По Цукерману, Яаков отправился за помощью к еврейским общинам Хазарии, и там – в Саркеле или Итиле – письмо было помечено визой хазарского чиновника. Здесь позволю себе решительно не согласиться. При княжении Святослава путь в Хазарию (вплоть до войны с нею и её разгрома) был перекрыт точно так же, как в Германию, если не строже. (Ср. приведенное выше высказывание проф. А. Тортики.) Открыт был путь «из варяг в греки», который контролировала Русь; Яаков отправился этим путём ‎ – ‎ только потому письмо, написанное в Киеве в начале 960-х и ориентированное, по первому замыслу, на запад, в Эрец-Немец (так именуется Германия в письме царя Иосифа), оказалось в Каирской генизе.

 

Так или иначе, тщательно проведенный Цукерманом анализ термина закук показывает, что весовая мера чистого серебра в ашкеназской общине Х в. составляла приблизительно 12 унций, и, с этой точки зрения, долг Яакова иноверцам был представлен в письме, адресованном евреям-ашкеназам, более чем внушительной суммой – 30 кг серебра[52]. Однако отправители Киевского письма термином закук, вероятнее всего, обозначили местную весовую единицу серебра – гривну, и Цукерман столь же добросовестно и подробно рассматривает историю гривны и её количественных параметров в Новгородском и Киевском (попутно и в Черниговском) княжествах. Помимо того, тщательно исследуются обменные курсы принятых на Руси денежных единиц соседних государств: Халифата, Византии, скандинавских королевств, рассматриваются взаимоотношения гривны и других денежных единиц Руси – ногаты и куны. Исследование проф. Цукермана основательно выходит за рамки поставленной им темы, однако относительно долга Яакова ‎—‎ 100 закуков – он даёт чёткое определение: «Приравнивая его [закук – А. Т.] к гривне, приходим к стоимости долга примерно в 4 кг серебра, эквивалентно примерно 1400 дирхемам или, в частности, в период договоров [Руси] с Византией, 100 солидам»[53]. Таким образом, опираясь на хорошую доказательную базу, исследователь подтверждает высказывавшееся и ранее мнение, что Яакову надлежало возместить кредиторам брата не скромные 100 серебряных дирхемов, а серьёзную сумму в 100 полновесных золотых монет. Такая сумма вполне оправдывает тревогу авторов письма – сограждан Яакова ‎ – и их призыв к зарубежным единоверцам о помощи…
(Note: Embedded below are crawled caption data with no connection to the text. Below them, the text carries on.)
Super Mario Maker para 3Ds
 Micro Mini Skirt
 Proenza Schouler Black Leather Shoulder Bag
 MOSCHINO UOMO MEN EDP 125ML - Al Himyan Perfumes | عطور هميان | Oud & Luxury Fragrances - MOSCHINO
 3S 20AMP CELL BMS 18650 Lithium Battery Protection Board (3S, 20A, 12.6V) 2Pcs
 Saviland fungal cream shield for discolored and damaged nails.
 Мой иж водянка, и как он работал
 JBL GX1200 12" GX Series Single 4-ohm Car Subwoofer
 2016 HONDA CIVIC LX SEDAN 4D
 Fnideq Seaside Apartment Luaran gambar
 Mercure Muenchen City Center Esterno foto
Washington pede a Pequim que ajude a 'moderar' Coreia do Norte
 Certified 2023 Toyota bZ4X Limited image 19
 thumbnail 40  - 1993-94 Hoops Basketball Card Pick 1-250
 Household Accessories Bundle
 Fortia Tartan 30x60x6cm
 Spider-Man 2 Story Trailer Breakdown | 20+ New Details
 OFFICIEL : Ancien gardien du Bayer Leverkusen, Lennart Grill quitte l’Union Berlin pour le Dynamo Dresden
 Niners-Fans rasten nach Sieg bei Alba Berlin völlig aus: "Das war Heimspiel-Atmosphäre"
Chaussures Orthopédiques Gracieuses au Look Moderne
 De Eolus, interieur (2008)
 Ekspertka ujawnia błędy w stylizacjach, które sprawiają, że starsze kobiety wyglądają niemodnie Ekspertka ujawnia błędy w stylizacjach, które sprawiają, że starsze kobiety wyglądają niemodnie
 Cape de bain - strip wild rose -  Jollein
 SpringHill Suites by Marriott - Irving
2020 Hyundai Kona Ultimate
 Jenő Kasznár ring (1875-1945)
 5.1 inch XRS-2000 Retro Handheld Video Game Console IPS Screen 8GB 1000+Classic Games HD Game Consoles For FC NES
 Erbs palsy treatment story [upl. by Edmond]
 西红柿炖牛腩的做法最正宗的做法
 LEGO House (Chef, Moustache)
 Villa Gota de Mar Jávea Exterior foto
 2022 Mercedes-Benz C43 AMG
3) Семён Якерсон о Киевском письме

Мне выпала честь быть одним из трёх редакторов сборника «Кенааниты: Евреи в средневековом славянском мире» (24-й т. «Jews and Slavs»), в котором опубликована статья Якерсона под скромным названием «Несколько палеографических ремарок к датировке „Киевского письма“».

Нас, редакцию сборника, смущало брошенное вскользь замечание акад. Петра Толочко, что в подлинности Киевского письма «нет полной уверенности» (см. выше). Хоть академик не является ни коей мере специалистом в области еврейской палеографии, и его «сомнение» ‎ – ‎ просто отражениe общей предвзятости к памятнику (более никто подделку не заподозрил; ср. выше мнение проф. Пузанова), ‎ мы решили предложить проф. Якерсону, одному из ведущих в мире палеографов-гебраистов, заново исследовать, верно ли идентифицировал Голб подлинность и древность письма. Работу Якерсона финансировал Евроазиатский еврейский конгресс.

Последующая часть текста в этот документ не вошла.